§ **ABOUT THIS EXERCISE**
Span requested from the data below: the line with "Fotografia z galérie" through the line with "Commercial Bldg/Offices for", both included. Give only these lines again, exactly, and leave every picture out.
PROVIDED ENTRIES Start Marker
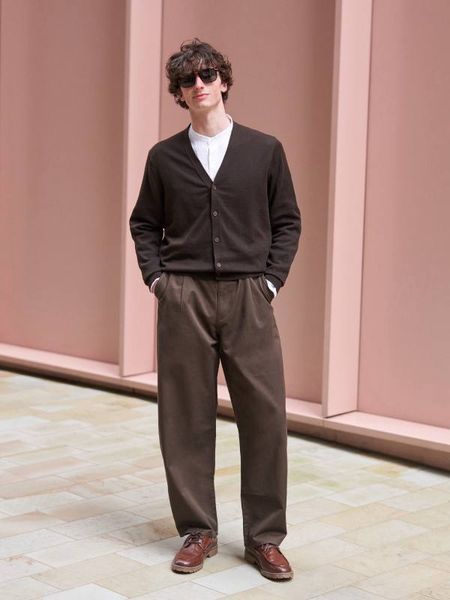 Каржиган Uniqlo коричневий Knitted V-Neck Cardigan 8334 фото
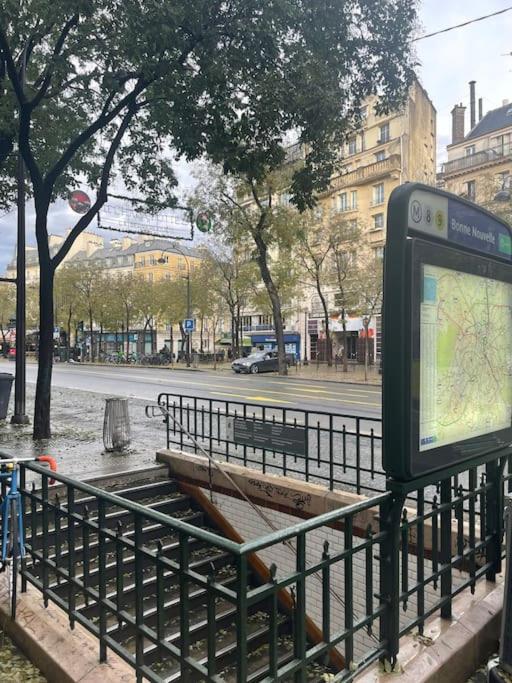 Fotografia z galérie ubytovania Paris centre 4 pièces tout équipé neuf v Paríži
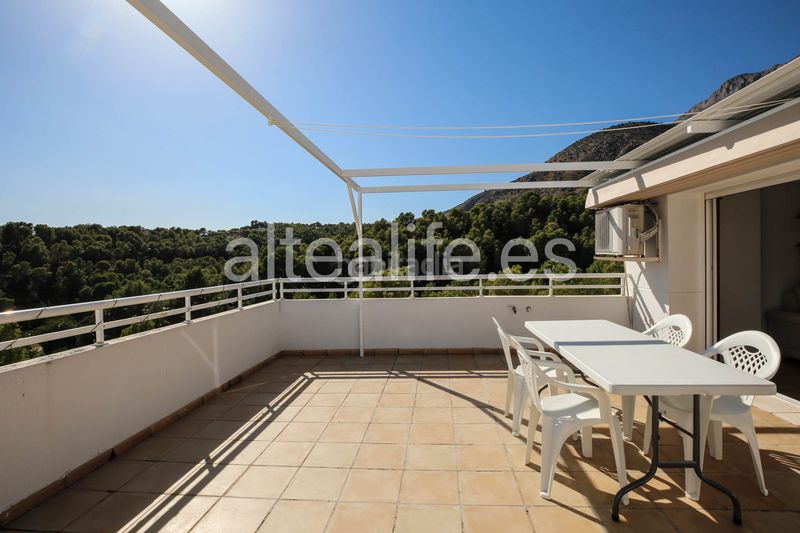 Foto c3c1145a-03b4-4c8d-a5fe-56d2eef42caa. Alquiler apartamento en calle eriso 1 apartamento en alquiler de corta estancia con terraza y vistas en sierra en Altea
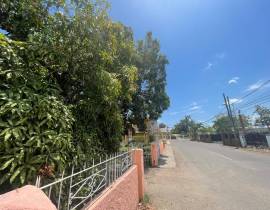 Commercial Bldg/Offices for Sale Clarendon, May Pe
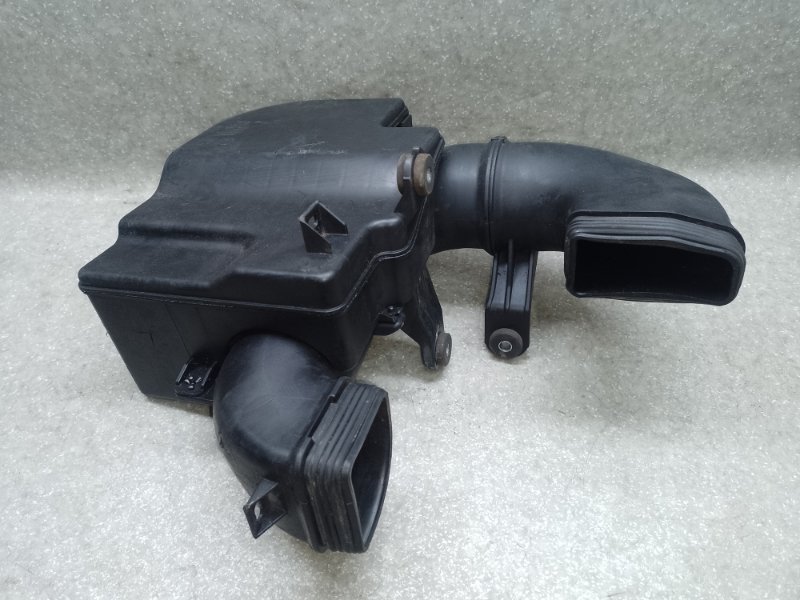 Запчасть резонатор воздушного фильтра KIA SOUL PS 13-19 2014 2.0 G4NC 28220B2000 Б/У Резонатор воздушного фильтра KIA SOUL PS 13-19 2014 2.0 G4NC 28220B2000 Б/У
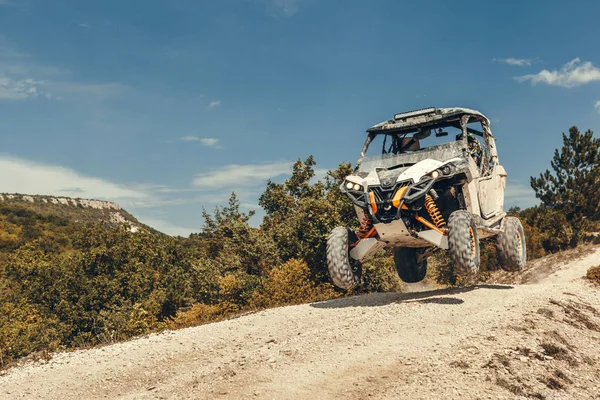 Atv Springen Den Bergen Hintergrund Nahaufnahme — Stockfoto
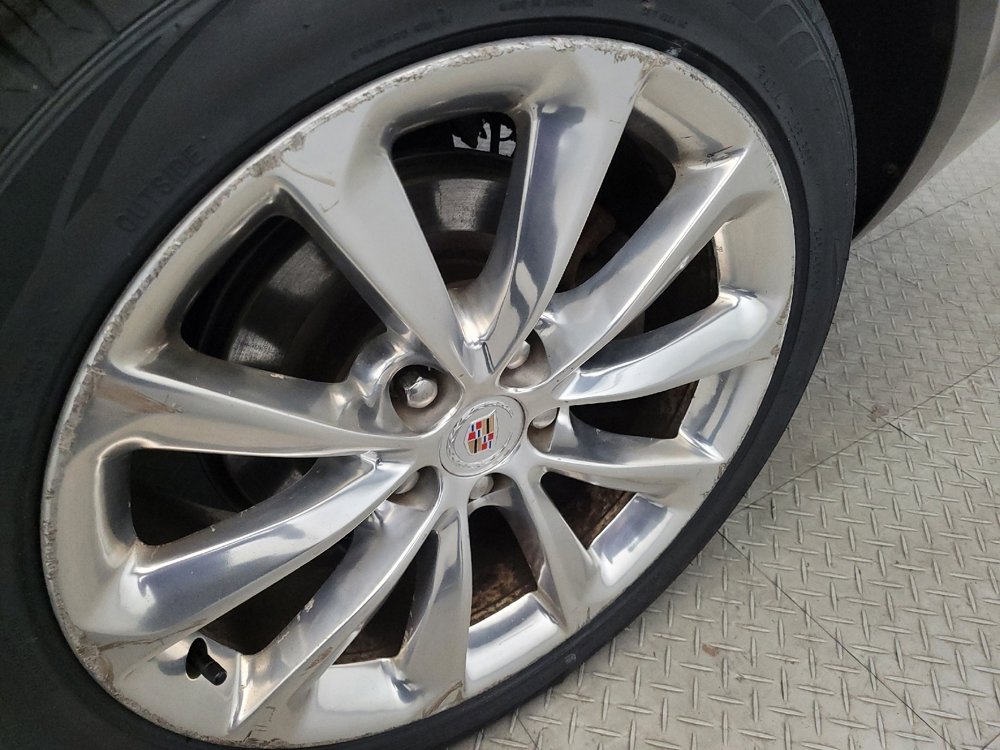 Used 2013 Cadillac XTS Premium image 31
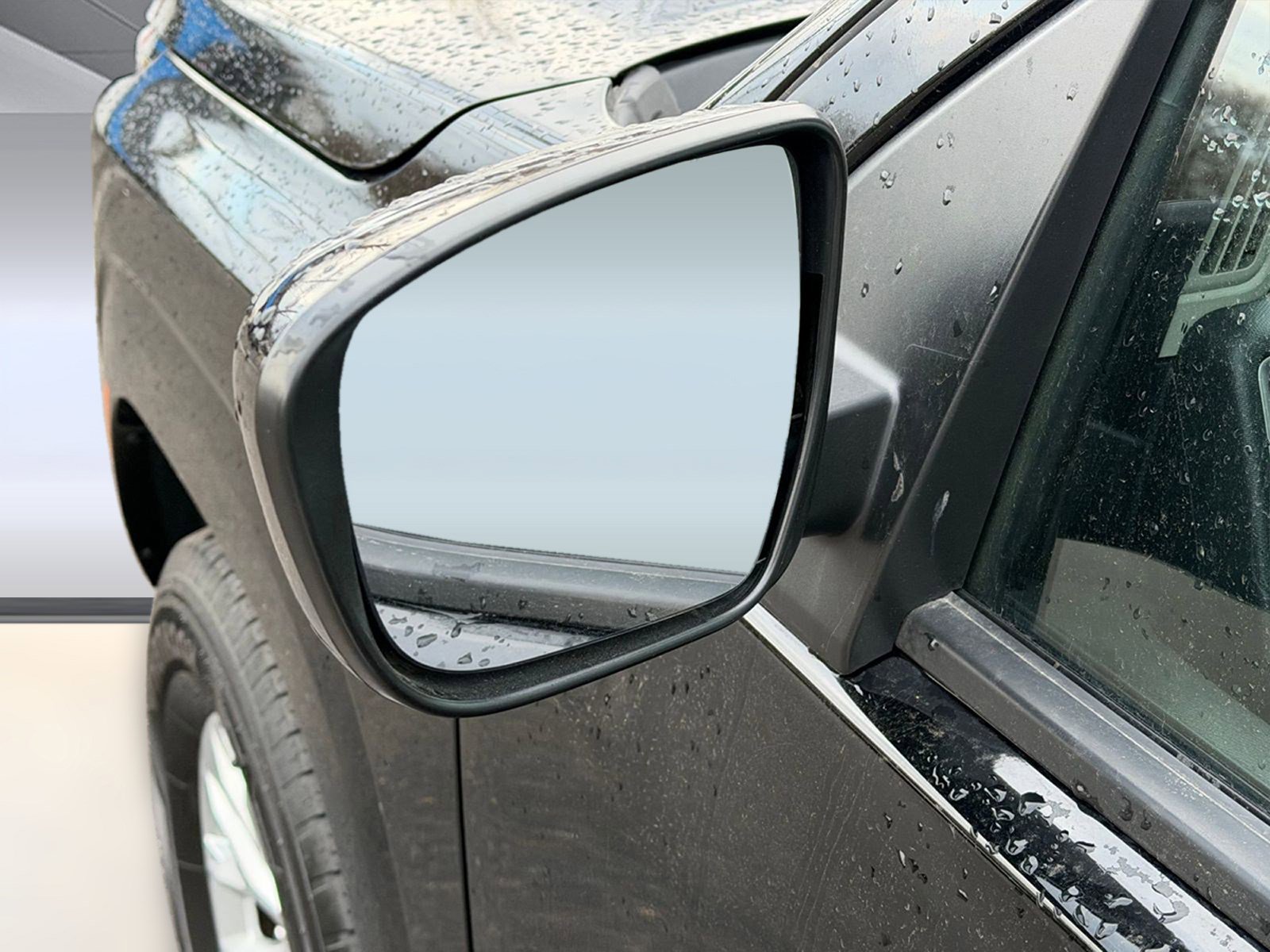 Used 2024 Nissan Frontier SV image 23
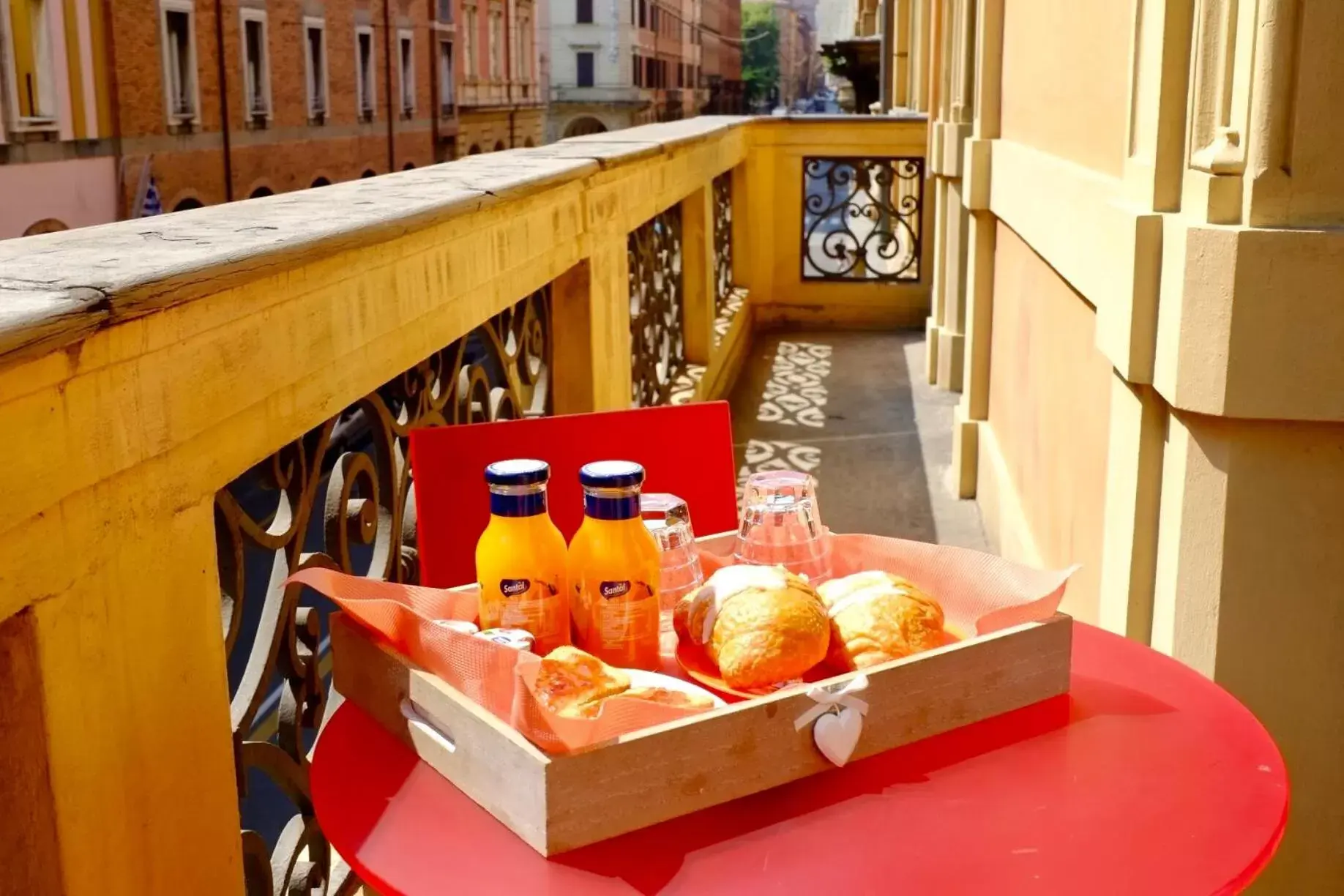 Balcony/Terrace in B&B Second Floor Centro Storico Bologna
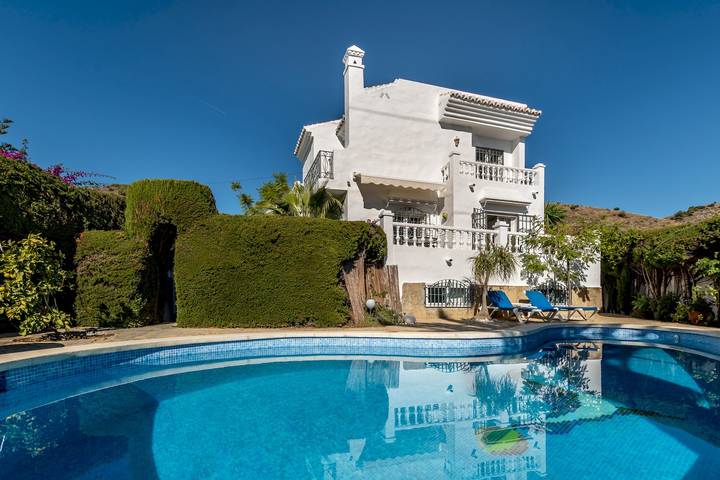 Casa rural para 6 personas, con piscina además de terraza y jardín en Nerja - 4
PROVIDED ENTRIES End Marker
§ **RESULT**
 Fotografia z galérie ubytovania Paris centre 4 pièces tout équipé neuf v Paríži
 Foto c3c1145a-03b4-4c8d-a5fe-56d2eef42caa. Alquiler apartamento en calle eriso 1 apartamento en alquiler de corta estancia con terraza y vistas en sierra en Altea
 Commercial Bldg/Offices for Sale Clarendon, May Pe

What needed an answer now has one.